Last Updated Nov 26, 2019 at 9:26 am MST

An aerial view of Fort Chipewyan, Alta., on the border of Wood Buffalo National Park is shown on Monday, Sept. 19, 2011. THE CANADIAN PRESS/Jeff McIntosh

Preparation for the construction of the second and final phase of Fort Chipewyan’s solar farm is underway.

The second phase, which is owned by Three Nations Energy (3NE), will consist of 6,000 solar panels on top of 1,500 owned by ATCO.

Director of Strategic Advisory Services with the Athabasca First Nation, Jason Schulz said supplies will be transported to the community once the winter road is ready.

In terms of work being done, he said come spring 2020 the community can expect to see brush clearing and the start of construction.

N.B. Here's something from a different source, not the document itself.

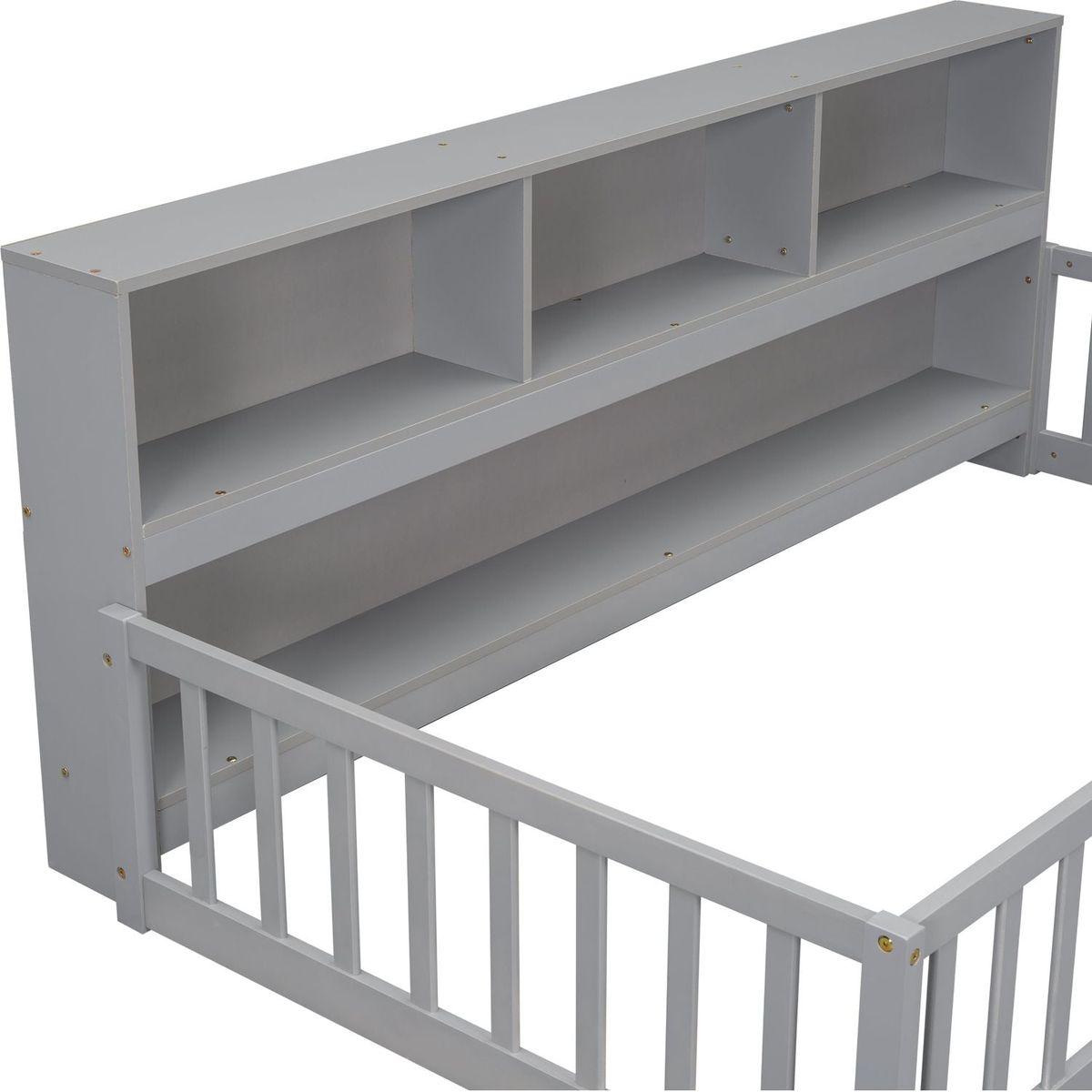 Twin Floor Bed with Bedside Bookcase,Shelves,Guardrails,Grey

ATCO, who owns phase one of the solar farm, will buy the electricity from 3NE for distribution.

Schulz, who is also the treasurer for 3NE, said that revenue will flow back to Athabasca Chipewyan First Nation, Mikisew Cree First Nation and Fort Chipewyan Local 125 – the three groups that form the company.

“About 10 per cent will be retained by Three Nations Energy for community initiatives around green energy or educational components around green energy or energy efficiency.”

The project will also create 40 local jobs during construction, plus contractor positions.

ATCO Strategic Project Manager Ryan Anderson outlined how they will collaborate with 3NE on the project.

“They contracted us to build and operate the solar farm providing them the capacity to do the engineering, procurement, construction, and commissioning of that solar farm they will own.”

Anderson added ATCO would operate the farm for about two years while providing training for local engineers.

“The second phase will also have a battery component. There’s going to be a battery that will charge during the day, discharge during the evening, and add reliability to the system.”

It’s expected to reduce diesel usage in the community by around 25 per cent.

Anderson said that amounts to less diesel fuel burning by 650,000 litres per year, taking roughly 20 trucks off the road.

“That’s going to reduce about 1700 tonnes of carbon dioxide every year, reduce our greenhouse gas [emissions], and generate employment in the community.”

The $7.8 million dollar project has been fully funded through a collaboration between federal and provincial governments.